DATA SHOWN

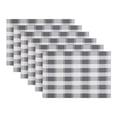 thumbnail image 1 of REGALWOVEN Rectangle Placemats Set of 6 Grid Plastic Placemats for Kitchen Dining Washable Heat Resistant Table Placemats Wipeable Table Mat Black 17.7x11.8inch, 1 of 6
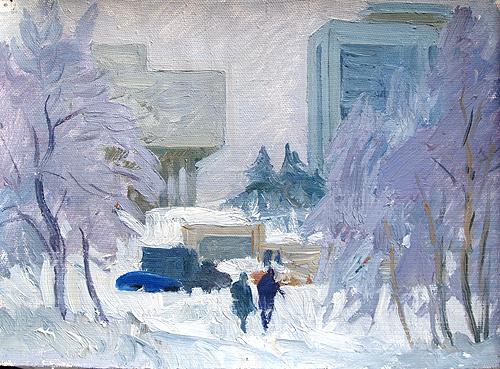 Frosty Day cityscape - oil painting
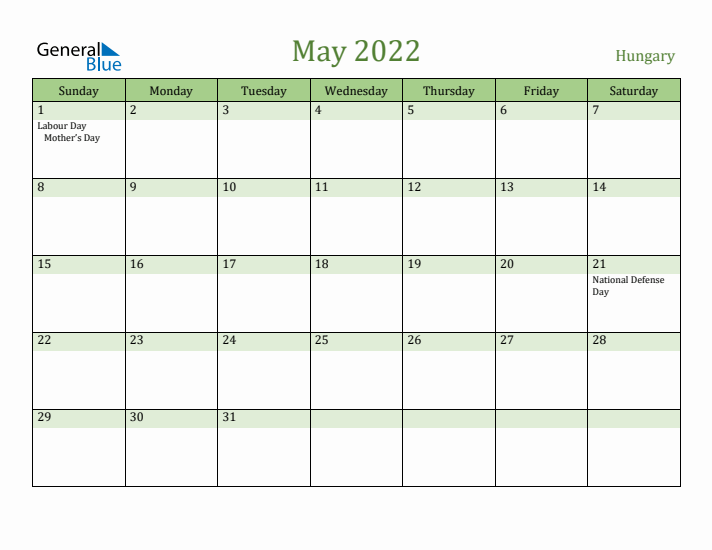 May 2022 Calendar with Hungary Holidays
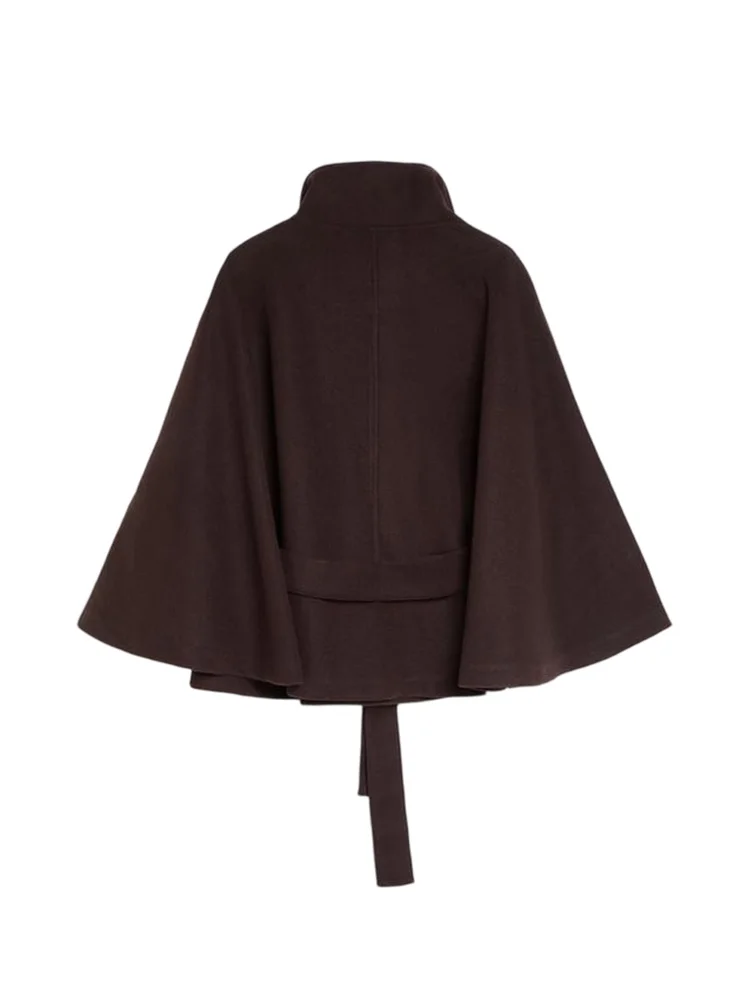 Women's Windbreaker Belted Cape Coat Oversized Jacket Stand Collar Top Autumn Single Breasted Loose Woolen Jackets Woman Clothes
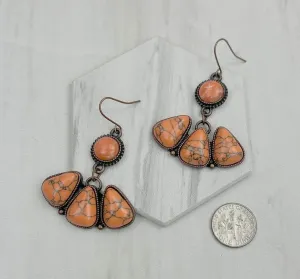 Orange Turquoise Earrings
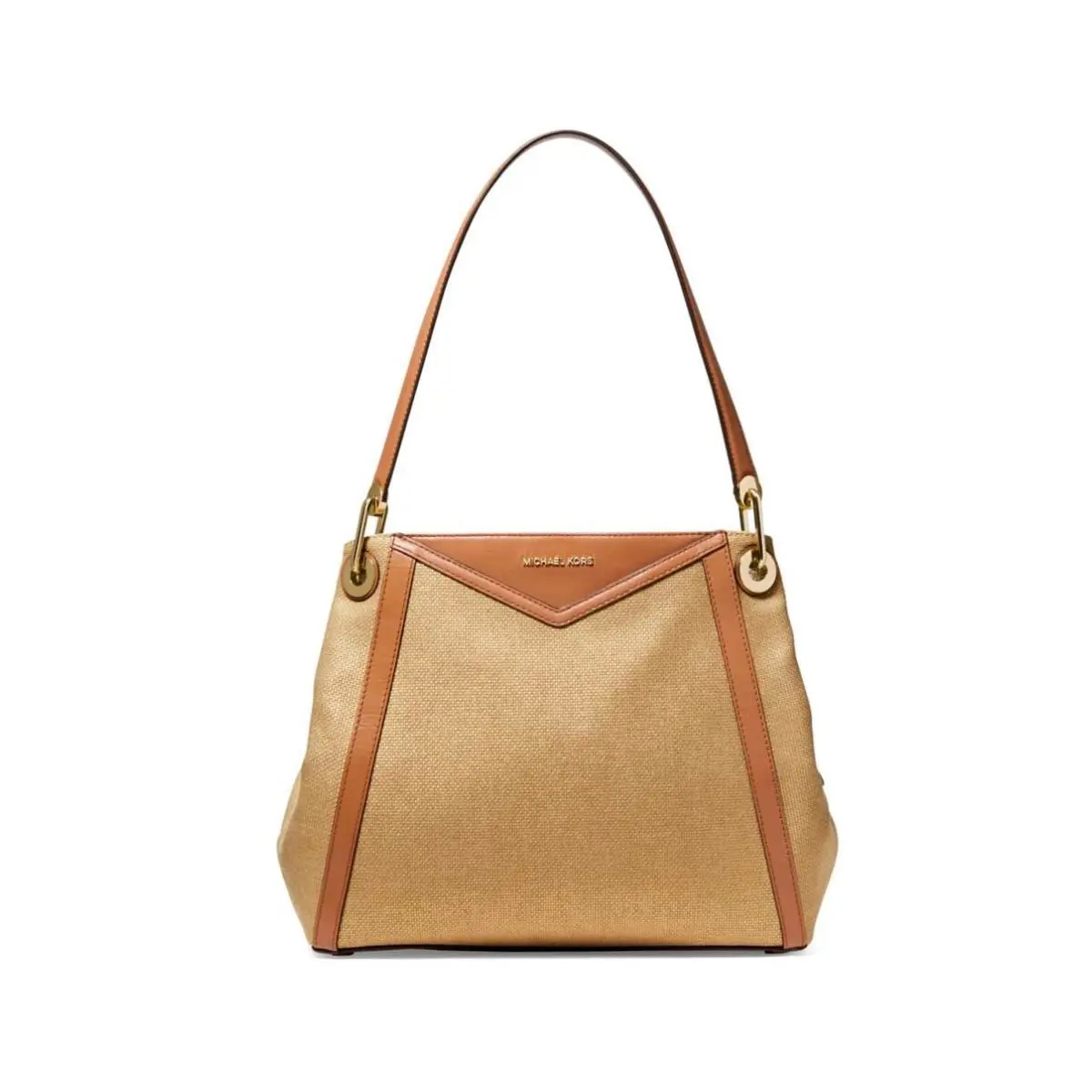 Michael Kors Raven Pocket Shoulder Tote Pale Gold 30H8MRXE3C - Handle/Strap: Brown, Hardware: Gold, Exterior: Natural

WORK REQUIRED
Could you reproduce the records above exactly, leaving out the pictures?

SOLUTION TO THIS PROBLEM
 thumbnail image 1 of REGALWOVEN Rectangle Placemats Set of 6 Grid Plastic Placemats for Kitchen Dining Washable Heat Resistant Table Placemats Wipeable Table Mat Black 17.7x11.8inch, 1 of 6
 Frosty Day cityscape - oil painting
 May 2022 Calendar with Hungary Holidays
 Women's Windbreaker Belted Cape Coat Oversized Jacket Stand Collar Top Autumn Single Breasted Loose Woolen Jackets Woman Clothes
 Orange Turquoise Earrings
 Michael Kors Raven Pocket Shoulder Tote Pale Gold 30H8MRXE3C - Handle/Strap: Brown, Hardware: Gold, Exterior: Natural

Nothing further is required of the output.